Mounted at /content/drive


## 📦 Install Dependencies

In [None]:
!pip install -q torch torchvision torchaudio
!pip install -q autogluon kaggle

## 📚 Import Libraries

In [None]:
import os
import time
import zipfile
import shutil
import pandas as pd
import numpy as np
from autogluon.tabular import TabularPredictor

# Set random seed for reproducibility
np.random.seed(42)

## 📥 Load Dataset

### Option A: Kaggle API (Recommended)
1. Go to https://www.kaggle.com/settings/account
2. Click "Create New API Token" to download `kaggle.json`
3. Upload it when prompted below

### Option B: Manual Upload
1. Download these 4 CSVs from [Kaggle Competition](https://www.kaggle.com/c/ieee-fraud-detection/data)
   - train_transaction.csv
   - train_identity.csv
   - test_transaction.csv
   - test_identity.csv
2. Upload them when prompted below

In [None]:
# Choose data loading method
USE_KAGGLE_API = False  # Set to True to use Kaggle API, False for manual upload
COMPETITION = "ieee-fraud-detection"

if USE_KAGGLE_API:
    # Upload kaggle.json
    from google.colab import files
    print("📤 Upload your kaggle.json file:")
    uploaded = files.upload()

    # Set up Kaggle credentials
    os.makedirs('/root/.kaggle', exist_ok=True)
    !mv kaggle.json /root/.kaggle/kaggle.json
    !chmod 600 /root/.kaggle/kaggle.json

    # Download competition data
    os.makedirs('data', exist_ok=True)
    print(f"\n📥 Downloading {COMPETITION} dataset...")
    !kaggle competitions download -c $COMPETITION -p data

    # Unzip all archives
    print("\n📂 Extracting files...")
    for filename in os.listdir('data'):
        if filename.endswith('.zip'):
            with zipfile.ZipFile(os.path.join('data', filename), 'r') as zip_ref:
                zip_ref.extractall('data')
    print("✅ Data downloaded and extracted!")

else:
    # Manual upload
    from google.colab import files
    print("📤 Upload these 4 files:")
    print("   1. train_transaction.csv")
    print("   2. train_identity.csv")
    print("   3. test_transaction.csv")
    print("   4. test_identity.csv")
    uploaded = files.upload()

    # Move files to data directory
    os.makedirs('data', exist_ok=True)
    for filename in uploaded.keys():
        shutil.move(filename, os.path.join('data', filename))
    print("✅ Files uploaded successfully!")

## 🔧 Load and Merge Data

The dataset has two parts:
- **Transaction data**: Payment details, amounts, cards
- **Identity data**: Device and network information

We'll merge them on `TransactionID`.

In [None]:
# Load transaction data
print("📖 Loading transaction data...")
train_transaction = pd.read_csv('data/train_transaction.csv')
train_identity = pd.read_csv('data/train_identity.csv')
test_transaction = pd.read_csv('data/test_transaction.csv')
test_identity = pd.read_csv('data/test_identity.csv')
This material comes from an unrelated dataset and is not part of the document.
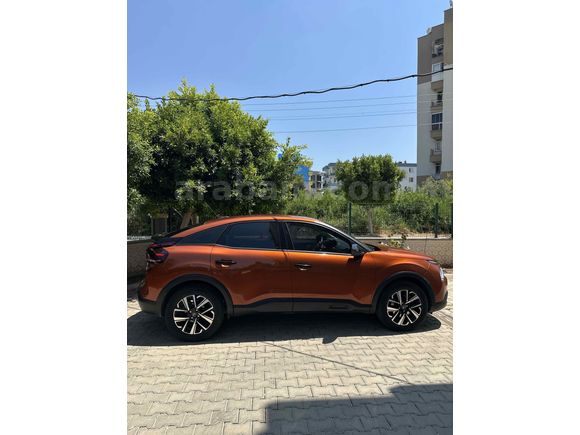 Sahibinden Citroen C4 1.5 BlueHDi Feel Bold 2022 Model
# Merge transaction and identity data
print("🔗 Merging datasets...")
train = train_transaction.merge(train_identity, on='TransactionID', how='left')
test = test_transaction.merge(test_identity, on='TransactionID', how='left')

print(f"\n✅ Data loaded successfully!")
print(f"   Train shape: {train.shape}")
print(f"   Test shape: {test.shape}")
print(f"\n📊 Target distribution:")
print(train['isFraud'].value_counts(normalize=True))

## 🎯 Set Target Label and Problem Type

AutoGluon will automatically detect this is a binary classification problem.

In [None]:
# Define target label
LABEL = "isFraud"

# AutoGluon will auto-detect problem type (binary classification)
# and use ROC-AUC as the metric
print(f"🎯 Target Label: {LABEL}")
print(f"📈 Metric: ROC-AUC (auto-detected for binary classification)")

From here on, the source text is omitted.